Improved Inference For SPLASH

This post builds off my earlier post on concentration inequalities and empirical Bernstein bounds. Here, I’m going to try to apply those ideas to get a better bound on the $p$-values from SPLASH¹ and OASIS².

The $p$-value bound in SPLASH/OASIS are based on an application of Hoeffding’s inequality. However, the authors mention that it may be possible to do better through a Bernstein inequality. The issue is that we do not know the variances of the summands in the test statistic. This is where empirical Bernstein bounds come into play. Here I will try to apply the ideas explained above in Maurer and Pontil (2009)³ to the SPLASH setting.

SPLASH

Recall that the SPLASH setting is one in which we have a count matrix $X$ that is $I \times J$ where $I$ is the number of targets and $J$ is the number of samples. We use $n_j$ and $r_i$ to denote the sums of column $j$ and row $i$, respectively, and $M := \sum_{j = 1}^J n_J = \sum_{i = 1}^I r_I$ is the total count of the entire table. We additionally have fixed input vectors $\mathbf{f} \in \mathbb{R}^I$ and $\mathbf{c} \in \mathbb{R}^J$, which we may later restrict to some subset of the reals. The test statistic is $S(\mathbf{f}, \mathbf{c}) := \mathbf{f}^\top \tilde{X} \mathbf{c}$ where $\tilde{X} := (X - E)\text{diag}((X^\top \mathbf{1})^{-1/2}),$ and $E := \frac{1}{M} X\mathbf{1}\mathbf{1}^\top X$. For more details, see my post on SPLASH.
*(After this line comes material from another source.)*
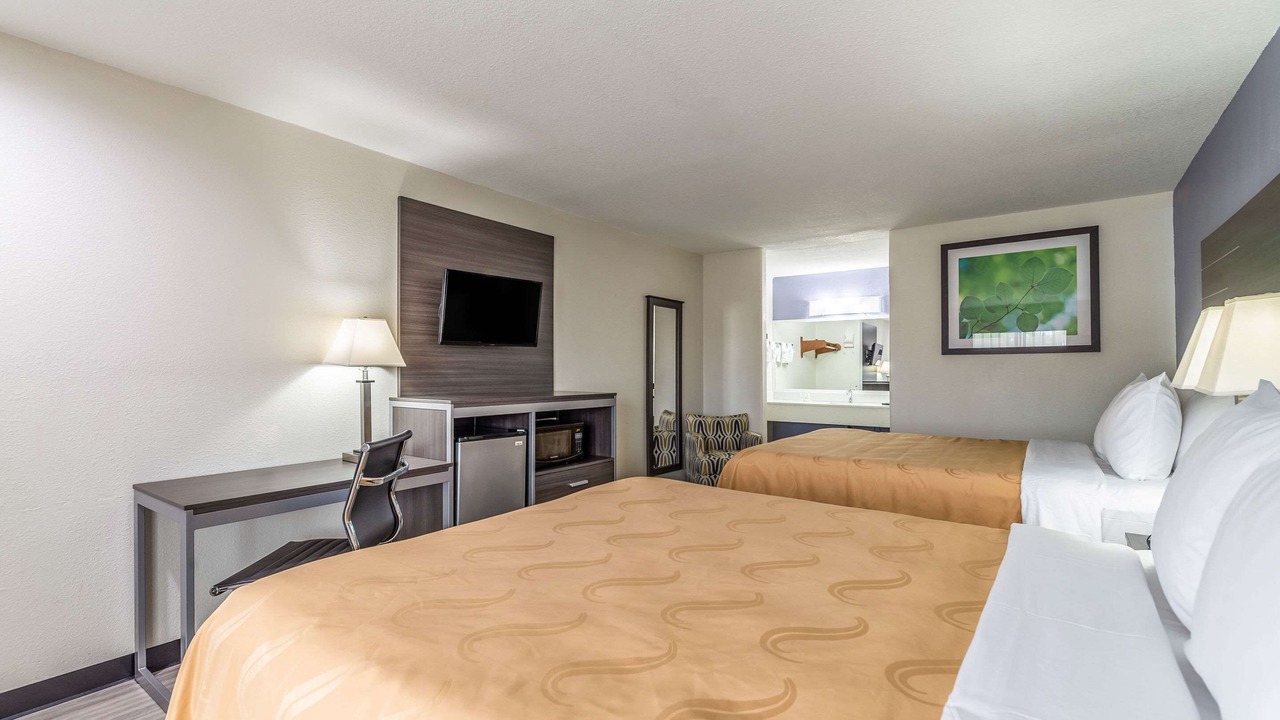 Photo of Bedroom in Canton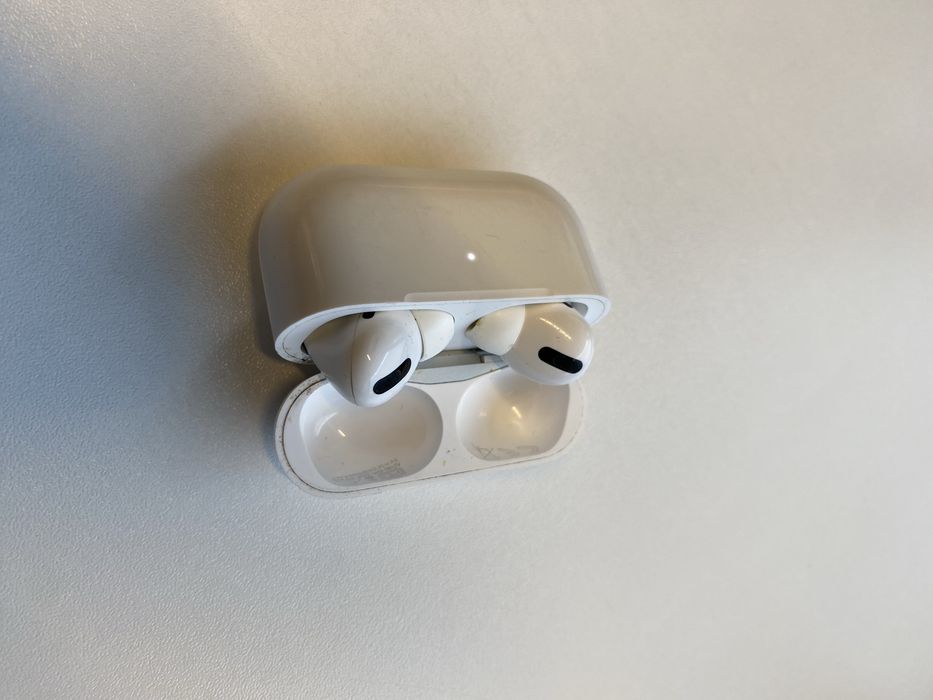 Apple Airpods Pro gen 1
As before, we need to rewrite the test statistic as the sum of independent bounded random variables. Define $Z_{j,k}$ as the random variable that denotes the target index for the $k$-th target observed in the $j$-th sample. Also define $\bar{\mu} := \frac{1}{M} \sum_{j = 1}^J \sum_{k = 1}^{n_j} \mathbf{f}_{Z_{j,k}}$, $\hat{\mu}_j := \frac{1}{n_j} \sum_{k = 1}^{n_j} \mathbf{f}_{Z_{j,k}}$, and $\mu := \mathbb{E}_{Z \sim \mathbf{p}}[\mathbf{f}_Z]$. It can be shown that we can rewrite the test statistic as:

\[S(\mathbf{f}, \mathbf{c}) = \sum_{j=1}^J \left( \mathbf{c}_j\sqrt{n_j} (\hat{\mu}_j - \bar{\mu}) \right) = \sum_{j = 1}^J \mathbf{c}_j \sqrt{n_j} \sum_{k = 1}^{n_j} \left(\frac{1}{n_j} \mathbf{f}_{Z_{j,k}} - \frac{1}{n_j} \bar{\mu} \right) = \sum_{j = 1}^J \sum_{k =1 }^{n_j}\frac{\mathbf{c}_j}{\sqrt{n_j}}(\mathbf{f}_{Z_{j,k}} - \bar{\mu})\]

Define the following:

\[Y_{j,k} := \frac{\mathbf{c}_j}{\sqrt{n_j}}(\mathbf{f}_{Z_{j,k}} - \bar{\mu})\]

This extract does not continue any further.